Consider the position that General Delaney put Charlie Bass in by offering him a settlement in the case: Admit guilt and pay a fine, or I’m going to sue you. Bass, whom everyone acknowledges sits in a swing district that is expected to be among the most hotly contested elections in the country, looks guilty either way and Delaney has handed a huge political gift to the Democrats. That Bass is being sued by the Attorney General will be a standard Democratic talking point all year. Can there be any doubt the suit will be mentioned in ads for his opponent, Annie Kuster, whether paid for by her own campaign, the DCCC, or some other group? Cue the sinister music and innuendo about a stolen election.
You may remember “push polls,” in vogue during the 1990s. Typically they were computed-generated, recorded robo-calls made to tens of thousands of voters that were designed to convey negative information about a candidate under the guise of a poll. A script might read something like, “If you knew that Michael Delaney voted to make it easier for tobacco companies to sell cigarettes to children, would you be more or less likely to vote for him? If you knew Michael Delaney voted to allow child molesters to live within 10,000 feet of an elementary school, would you be more of less likely to vote for him?” The calls were designed to “push” a voter away from a candidate.

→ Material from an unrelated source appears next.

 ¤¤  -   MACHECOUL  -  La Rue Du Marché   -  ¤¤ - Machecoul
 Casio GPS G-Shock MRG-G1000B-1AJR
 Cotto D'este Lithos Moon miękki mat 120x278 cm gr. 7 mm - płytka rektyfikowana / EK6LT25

Legitimate survey research sometimes asks questions that can sound similar, in that they present factual but negative information to voters about a candidate: “If you knew Jeanne Shaheen voted for Obamacare, would you be more or less likely to vote for her?” But there are huge differences between this sort of research and “push polls.” Legitimate survey research is characterized by involving scientifically selected samples of about 400 voters, not mass-marketing; the polls are conducted by a recognized and professional survey research firm, which tabulates the results; they are more likely to involve live callers and not be recorded; and the negative questions are usually limited to five or six that are part of a longer, comprehensive survey of 40 questions or more which include positive information as well. What the campaign is trying to determine is what issues matter the most to voters.

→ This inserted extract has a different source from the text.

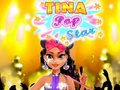 Mchezo Tina Nyota wa Pop online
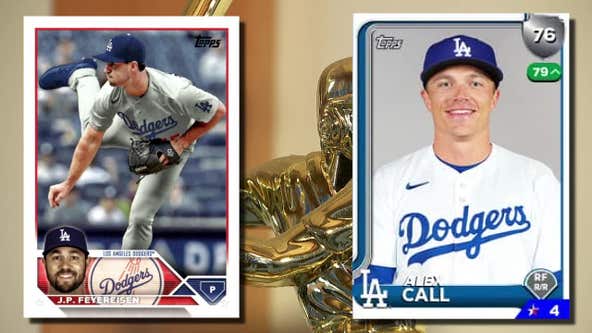 Former WI high school teammates win World Series together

Former NH state Rep. Doug Teschner authored New Hampshire’s anti-push polling law in the late 1990s. I tracked Teschner down in Ukraine, where he is now country director for the Peace Corp. I asked him whether Attorney General Delaney’s application of the law is consistent with Teschner’s original intent. Here’s Teschner’s response, via email: “My original idea stemmed from phone calls (typically the last weekend before the election) that was not so much intended to gather info but to push people to vote in a certain way using negative information, under the cover of what looked like legitimate polling. It may be that some tinkering with the law might be appropriate.”
Unrelated to the prosecution, but something that says something about Attorney General Delaney’s interest in the spotlight, local Pandora Radio listeners this week are hearing public service announcements featuring…Michael Delaney and Olympic speed skater Apolo Ohno.
Is Michael Delaney running for something?